How to Get Rid of Raccoons (in Attic & Yard)

In this step-by-step guide, you’ll learn the integrated approach to get rid of the aggressive raccoons in crawl spaces or house attics or crawl spaces. How to Get Rid of Raccoons

Risks: Raccoons will spread health infections such as rabies because they carry pests like lice, ticks, and fleas.

Further, Raccoons fecal matter can have Baylisacaris procyonis (roundworm eggs) that may infect kid’s eyes, brain and may be fatal. Trap | Repel | Best Traps | Baits | Facts

Step 1: Remove Raccoon Enticers (Food and Water)

To get rid of raccoons, you’ll get the best results only if you use multiple deterrents, including traps and electronic repellents.

Besides “trap & kill,” I recommend repelling, removal, and the reunion of the raccoons as it leaves them within reach of their territorial homes.

Raccoons will come into your house or yard hunting for food and water.
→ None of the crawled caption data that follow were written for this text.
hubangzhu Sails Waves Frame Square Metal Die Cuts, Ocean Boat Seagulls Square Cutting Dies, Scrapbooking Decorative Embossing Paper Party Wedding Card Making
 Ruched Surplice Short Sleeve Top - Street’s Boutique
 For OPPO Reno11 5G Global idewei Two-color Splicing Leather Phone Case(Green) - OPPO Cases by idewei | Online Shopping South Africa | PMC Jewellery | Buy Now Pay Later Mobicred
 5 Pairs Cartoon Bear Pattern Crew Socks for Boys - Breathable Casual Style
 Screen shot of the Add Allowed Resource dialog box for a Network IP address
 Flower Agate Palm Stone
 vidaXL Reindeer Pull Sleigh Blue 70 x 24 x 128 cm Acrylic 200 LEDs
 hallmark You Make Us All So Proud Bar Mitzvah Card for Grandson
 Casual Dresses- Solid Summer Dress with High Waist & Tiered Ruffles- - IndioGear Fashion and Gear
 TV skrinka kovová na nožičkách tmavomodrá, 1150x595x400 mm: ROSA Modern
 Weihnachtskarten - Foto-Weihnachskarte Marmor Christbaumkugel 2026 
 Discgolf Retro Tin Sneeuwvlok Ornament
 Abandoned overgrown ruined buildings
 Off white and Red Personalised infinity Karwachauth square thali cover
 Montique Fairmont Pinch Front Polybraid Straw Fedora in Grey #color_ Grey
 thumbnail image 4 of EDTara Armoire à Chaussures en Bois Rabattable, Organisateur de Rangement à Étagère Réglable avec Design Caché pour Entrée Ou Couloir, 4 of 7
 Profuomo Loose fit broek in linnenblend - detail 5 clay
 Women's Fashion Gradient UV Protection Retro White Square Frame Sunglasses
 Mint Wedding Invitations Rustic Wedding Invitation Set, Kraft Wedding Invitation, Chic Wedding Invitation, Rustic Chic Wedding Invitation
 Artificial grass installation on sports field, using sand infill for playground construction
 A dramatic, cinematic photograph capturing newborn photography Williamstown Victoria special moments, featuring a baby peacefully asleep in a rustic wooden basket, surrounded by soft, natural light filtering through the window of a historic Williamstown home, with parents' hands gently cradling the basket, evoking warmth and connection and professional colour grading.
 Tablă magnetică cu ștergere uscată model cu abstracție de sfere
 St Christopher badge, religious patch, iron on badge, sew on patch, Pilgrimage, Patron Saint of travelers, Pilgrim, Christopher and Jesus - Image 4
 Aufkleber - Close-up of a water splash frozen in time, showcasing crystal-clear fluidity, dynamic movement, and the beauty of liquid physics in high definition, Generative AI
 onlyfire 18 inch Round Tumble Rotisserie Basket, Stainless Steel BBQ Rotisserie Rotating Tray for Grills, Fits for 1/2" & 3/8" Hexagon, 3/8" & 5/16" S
So, reduce or eliminate food sources lying around. As a rule of thumb;

  1. Remove trash. Keep the garbage cans covered with tight lids. Also, place a brick over each trash can lid to prevent the raccoons from overturning the bins.
  2. When you’re discarding leftover food, make sure that it’s covered fully to reduce the amount of smell which would otherwise attract the raccoons.
  3. Any pet food or bird feeders lying around the outdoor spaces will invite the animals to your yard or attic. Therefore, don’t leave pet food outside and always empty the bird feeders.
  4. Clean out all the fallen birdseed, fruits, nuts, and berries.

Raccoons will remember food locations for up to 3 years. So, you’ll need to have tight-fitting lids on garbage cans. Hold down the garbage cans lids using a concrete block or bungee cords.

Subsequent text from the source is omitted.